各種世論調査などでは説明が足りないという意見が多くあり、20日も安倍晋三総理はテレビに出演して安保法制を自ら説明したりしていました。

今回の法案通過報道のなかで「おもしろいな」と思う反応がありました。
それは、中国の反応です。
ちょうど訪中していた谷内正太郎・国家安全保障局長(国家安全保障会議(NSC)事務局トップ)に対して、中国の楊潔篪(ようけつち)国務委員(中国外交を統括・副首相級)は「戦後の日本の軍事安全分野で、かつて無かった行為だ。周辺国と国際社会に日本は専守防衛政策を放棄したと疑念を抱かせる」と述べたそうです。

日本国内での議論を振り返ってみます。
反対もしくは批判意見の代表例は
「戦争に巻き込まれる」
「戦争できる国になってしまう」
「子供達が戦争に行かされる」
「徴兵制になる」
「憲法違反の疑いがある」
といったものが主でした。
すなわち、
「日本が積極的に海外に軍事侵攻していく国になる」
「侵略国家になっていく」
などはありませんでした。
しかし中国は日本国内ですら出ていない「専守防衛政策を放棄」「日本が侵略国になっていく」といったことを述べているわけです。
こうした議論は強固に反対した野党からも出ておりませんが、なぜ、中国はこれほどまでに嫌がるのでしょうか。

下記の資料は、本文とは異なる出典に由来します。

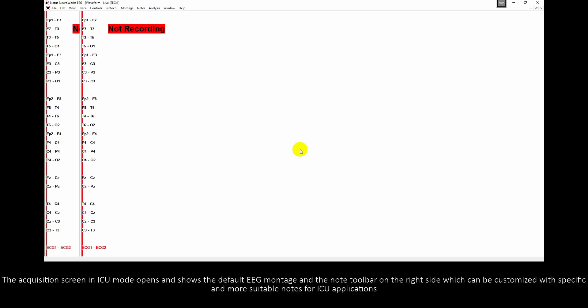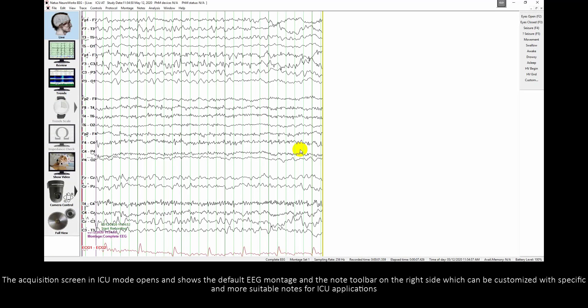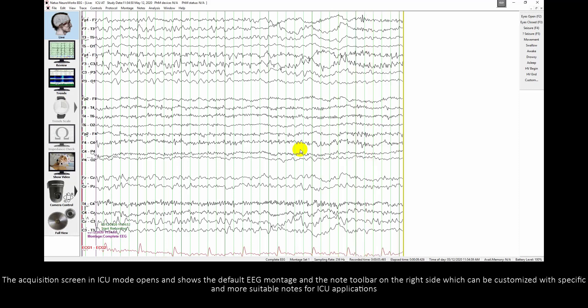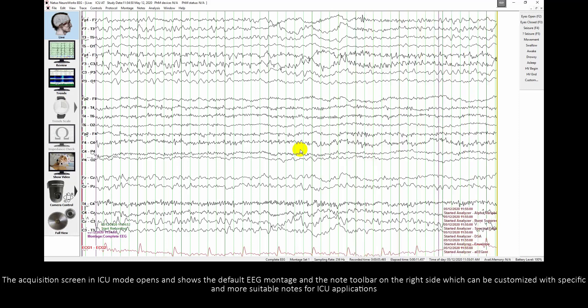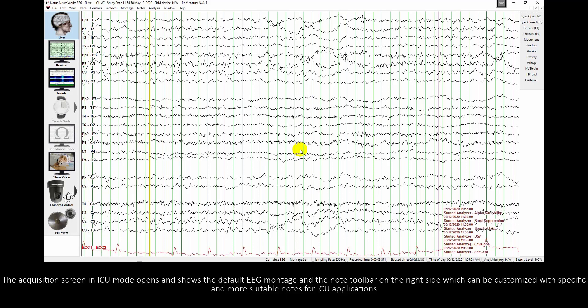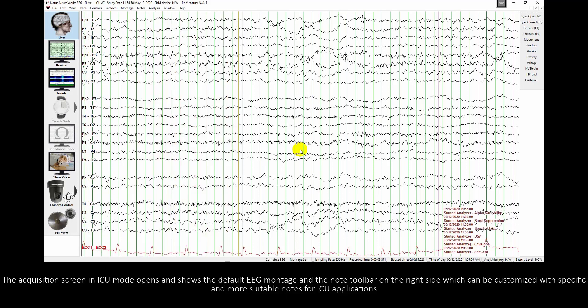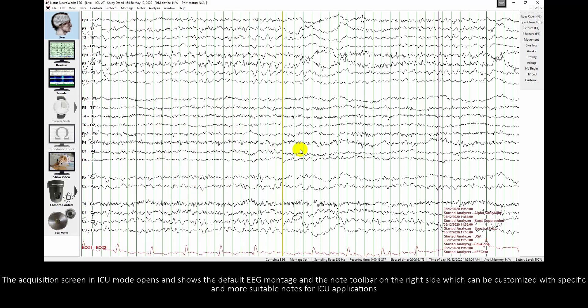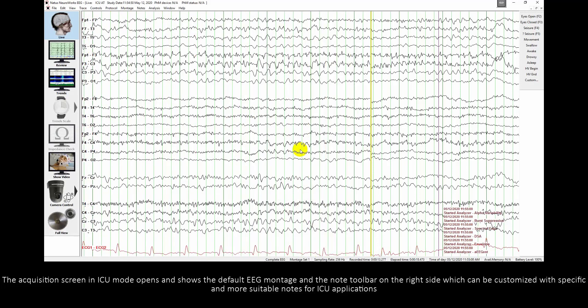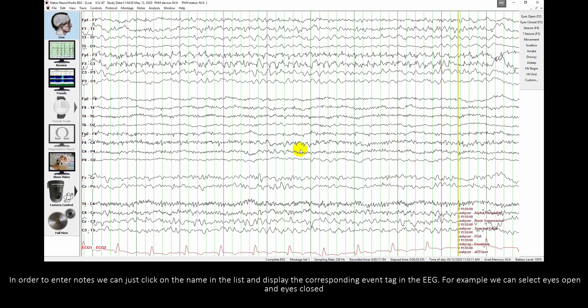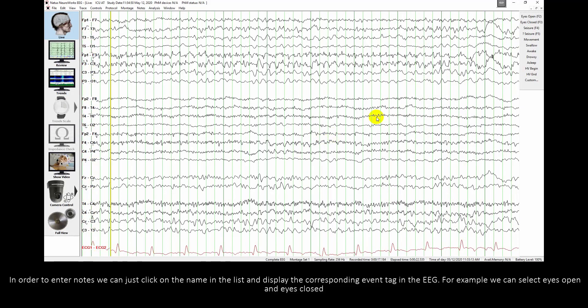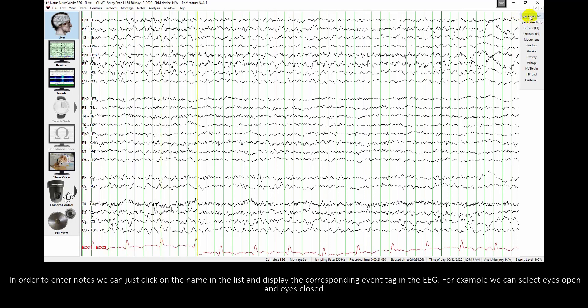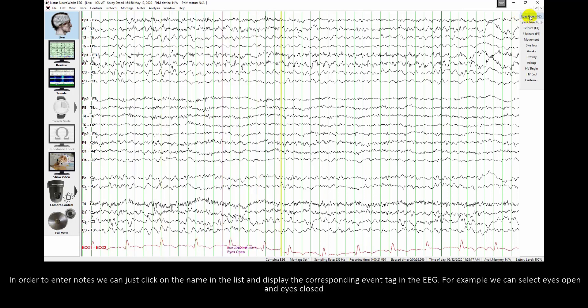The Acquisition Screen in ICU Mode opens and shows the default EEG Montage and the Node toolbar on the right side, which can be customized with specific nodes more suitable for ICU applications. In order to enter nodes, we can just click on the name in the list and display the corresponding event tag in the EEG. For example, we can select Eyes Open and Eyes Closed.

安倍総理はテレビ番組でもそして国会答弁でもさすがに「中国」と名指しはしていません
名指ししない理由は、中国との微妙なバランスのなか、日本に対して中国が尊重や妥協ができる状況を作ることを前提に考えているからだと思います。名指ししてしまうと彼らの態度は硬化し、日本に対する歴史紛争やさまざまな外交的戦略が勢いを増してしまうことになると考えているのだと思います。

いずれにせよ、総理が名指しを避けているにもかかわらず中国がここまで嫌がるのは、これまでの総理の説明にあったとおり「日本が戸締りをしっかりする」ことで、中国にとって日本が手を出しにくい国になってしまうという理由が読み取れます。

日本国内の反対論すら飛躍する中国の過剰反応は、私たちが見落としてはいけないところだと思います。